▶ **Data to use**:
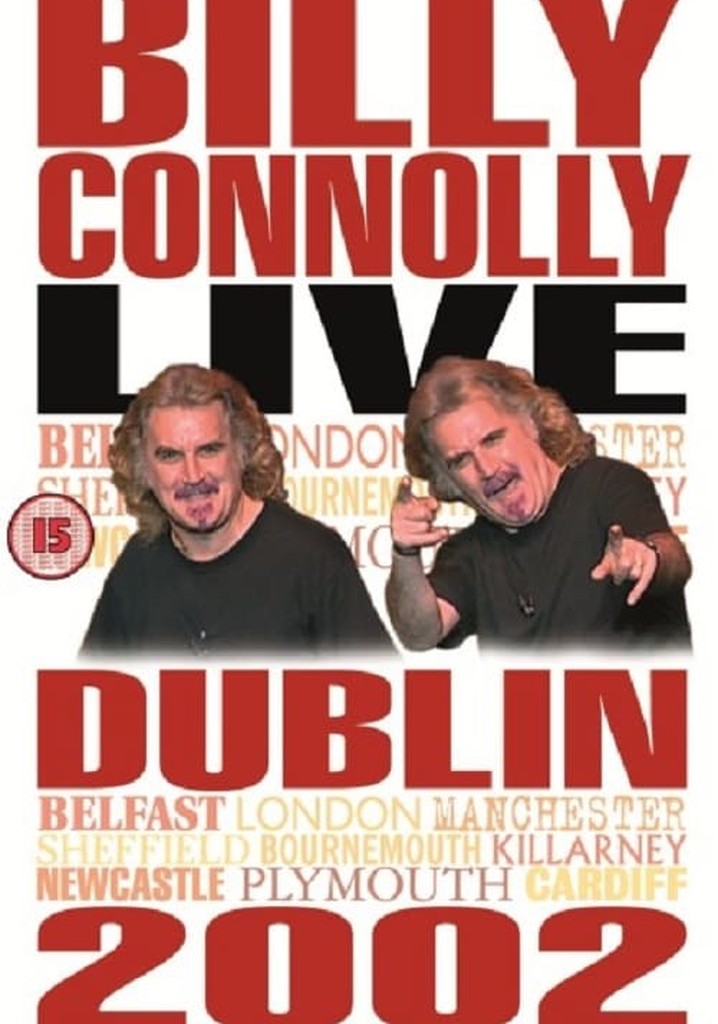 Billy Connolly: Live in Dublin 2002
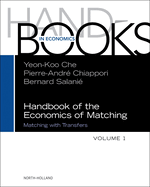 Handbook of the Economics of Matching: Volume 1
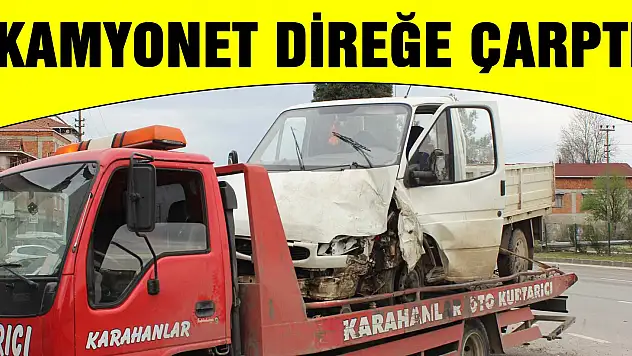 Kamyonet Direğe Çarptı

* * *

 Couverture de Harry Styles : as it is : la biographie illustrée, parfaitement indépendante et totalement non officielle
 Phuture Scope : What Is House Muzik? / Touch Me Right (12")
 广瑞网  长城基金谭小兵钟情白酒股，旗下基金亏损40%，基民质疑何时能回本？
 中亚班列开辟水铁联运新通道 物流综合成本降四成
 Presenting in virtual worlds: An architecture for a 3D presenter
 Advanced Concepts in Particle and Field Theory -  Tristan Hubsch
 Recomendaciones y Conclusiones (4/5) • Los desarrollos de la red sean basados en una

▶ **The task**: Using the listing above, copy exactly the line that contains "Couverture de Harry", the line that contains "Recomendaciones y Conclusiones", and each line that falls between them.

▶ **Answer section**:
 Couverture de Harry Styles : as it is : la biographie illustrée, parfaitement indépendante et totalement non officielle
 Phuture Scope : What Is House Muzik? / Touch Me Right (12")
 广瑞网  长城基金谭小兵钟情白酒股，旗下基金亏损40%，基民质疑何时能回本？
 中亚班列开辟水铁联运新通道 物流综合成本降四成
 Presenting in virtual worlds: An architecture for a 3D presenter
 Advanced Concepts in Particle and Field Theory -  Tristan Hubsch
 Recomendaciones y Conclusiones (4/5) • Los desarrollos de la red sean basados en una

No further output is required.